All Saints' was originally a Norman flint and rubble church, built for the new parish created in the south-western corner of the town at the time of the growing wool trade to serve the thriving centre of commerce and industry which Sudbury had become. The ford crossing the River Stour was quickly replaced by a bridge and a small chapel and dorter, long since demolished, was established on Ballingdon Hill as a respite for travellers. In 1150 the church and the chapel with their lands were bought by Adam the Monk for the Abbey at St. Albans, in whose gift it remained until the Dissolution, when Thomas Eden, Clerk of the Star Chamber, became patron of the living in 1551. The church was rebuilt in the early 1300’s in the decorated style (1280 – 1380) and again in the 15th century, principally in the perpendicular style (1375 – 1550) leaving only the chancel from the previous structure. At this time Sudbury was as important a town as Colchester and Norwich and extremely prosperous having three fine churches within its bounds – rare for so small a town.
Outside the building
The perpendicular style tower is supported by three elegant angle buttresses with the stair turret on the south eastern corner. The clear tones of the eight bells escape through four large belfry windows. Excellent views of Sudbury and the water meadows can be seen from the top of the tower from between the stepped battlements.

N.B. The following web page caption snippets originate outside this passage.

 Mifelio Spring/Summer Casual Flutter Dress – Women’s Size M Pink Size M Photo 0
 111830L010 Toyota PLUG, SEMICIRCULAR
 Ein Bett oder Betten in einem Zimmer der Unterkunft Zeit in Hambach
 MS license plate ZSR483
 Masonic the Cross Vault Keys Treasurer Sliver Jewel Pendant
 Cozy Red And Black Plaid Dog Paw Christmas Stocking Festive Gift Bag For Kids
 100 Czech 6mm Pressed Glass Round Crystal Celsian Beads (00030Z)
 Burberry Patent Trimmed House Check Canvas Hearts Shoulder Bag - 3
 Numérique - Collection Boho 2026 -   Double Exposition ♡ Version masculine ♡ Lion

The huge West window is above the West doors with their finely carved tracery panels. Continuing to the north into the grave yard, the Gainsborough family tomb is easily found. Thomas Gainsborough, the artist, was born in Sudbury but he is not buried in the family mauseleum, prefering a more modest plain gravestone at St. Anne's Church, Kew.
At the East end of the building is the two storey vestry, constructed from the earlier 14th century chapel.
Looking at the church from the South, the way the rebuilding was carried out can be seen easily. The four windows nearest the tower date from 1440 while the next two were completed about 1500 and light the side chapel. All the windows have fine tracery and hood moulds with carved heads as stops.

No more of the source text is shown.